(Records from a collection)
______

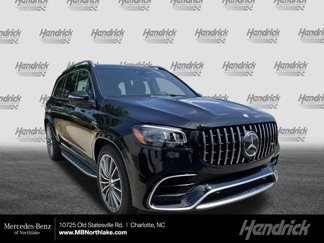 New 2025 Mercedes-Benz GLS 63 AMG 4MATIC image 1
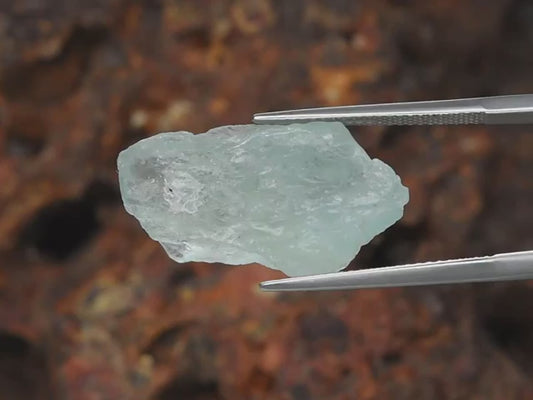 16.85ct Rough Aquamarine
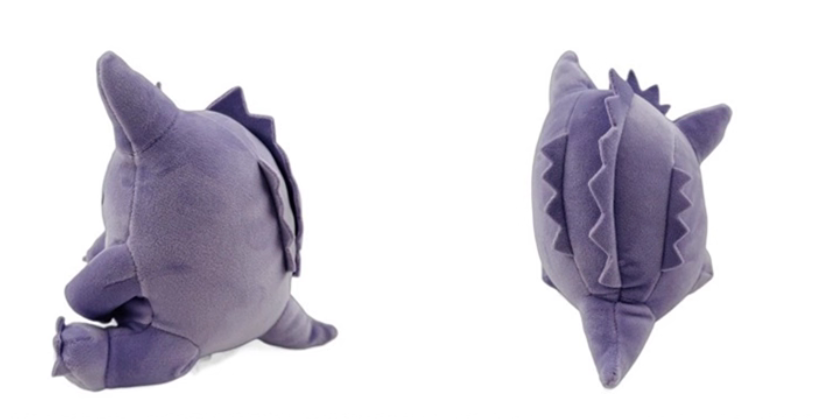 Gengar Ectoplasma plush soft stuffed animal toys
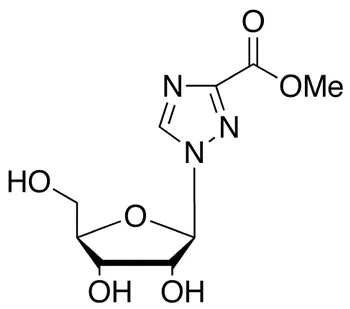 1-Beta-D-Ribofuranosyl-1,2,4-triazole-3-carboxylic Acid Methyl Ester (Ribavirin Impurity H) - image 1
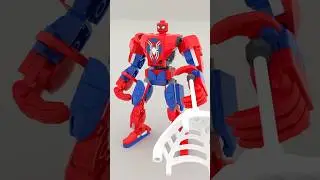 LEGO 76308 Spider-Man Mech Speed Build 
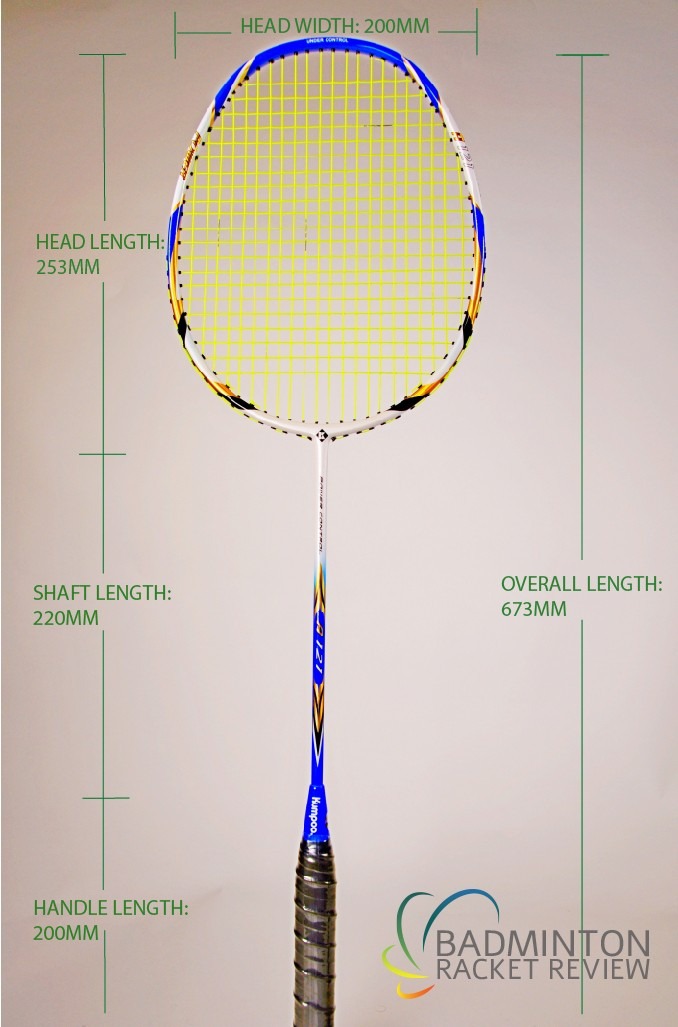 Kumpoo Power Control A121 Badminton Racket Review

______

■ Exercise ■
Please keep the pictures out and reproduce the records above exactly.

■ Output for this task ■
 New 2025 Mercedes-Benz GLS 63 AMG 4MATIC image 1
 16.85ct Rough Aquamarine
 Gengar Ectoplasma plush soft stuffed animal toys
 1-Beta-D-Ribofuranosyl-1,2,4-triazole-3-carboxylic Acid Methyl Ester (Ribavirin Impurity H) - image 1
 LEGO 76308 Spider-Man Mech Speed Build 
 Kumpoo Power Control A121 Badminton Racket Review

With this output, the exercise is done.